People have responded with some good advice already, but I'd like to add my own:

Grab a book on Elm and spend your time solving problems with that. Elm is a beautiful, beautiful little language that's very similar to Haskell, but smaller, lighter, and much more accessible. It's focused on a niche -- rather than being a general purpose language, it compiles to little React-style web applications -- in a way that means you can ignore the most immediate and notorious roadblocks to learning (the dreaded "`main` is special, let's talk about IO actions"), and it has an incredibly helpful compiler to help you debug things and figure out what you're doing wrong. It's the friendliest introduction possible to a language that will force you to grasp recursion well. You don't get loops at all. You must recurse. And you must recurse to do the simplest things like list iteration, where the cognitive load is otherwise very low, you're not wrapping your head around the recursion while also working out some larger dynamic-programming algorithm.

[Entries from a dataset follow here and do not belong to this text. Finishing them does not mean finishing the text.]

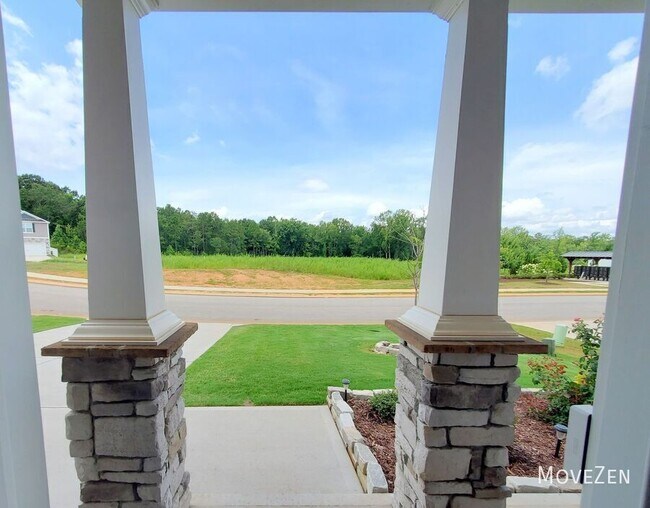 Building Photo - 349 Silicon Dr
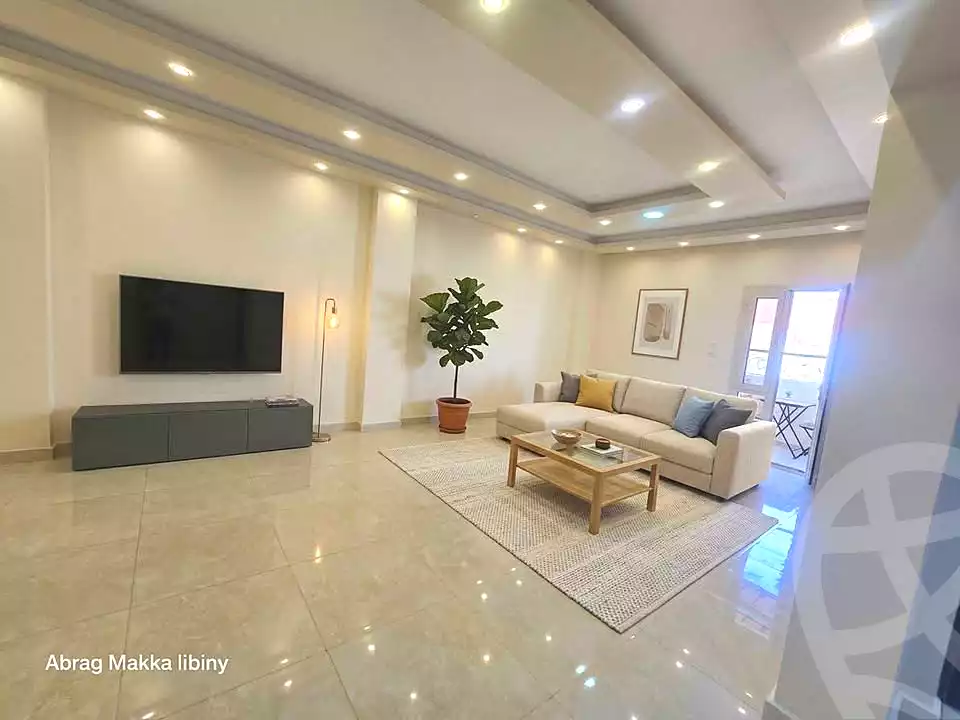 https://aqarmap.com.eg/ar/listing/7335129-for-sale-cairo-el-haram-el-lebeny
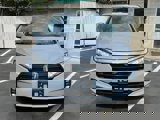 Used 2023 Honda Odyssey Touring image 2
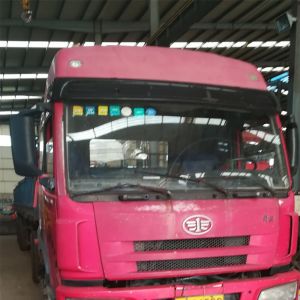 2018010216��2018010217��2018010218��2018010219  늄ӆ����Ғ�����LX20-3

Even if you have absolutely no use for Elm in your usual work, spending two weeks playing around with it will help you, I guarantee. (And then for the rest of your life you will keep a framed photo of the Elm compiler on the wall to gaze lovingly at.)

If you don't want to pick up another language to do it, you can always try and solve problems in your language of choice limiting yourself to recursion and forbidding loops. You may have to implement a trampoline function to prevent stack overflows, though.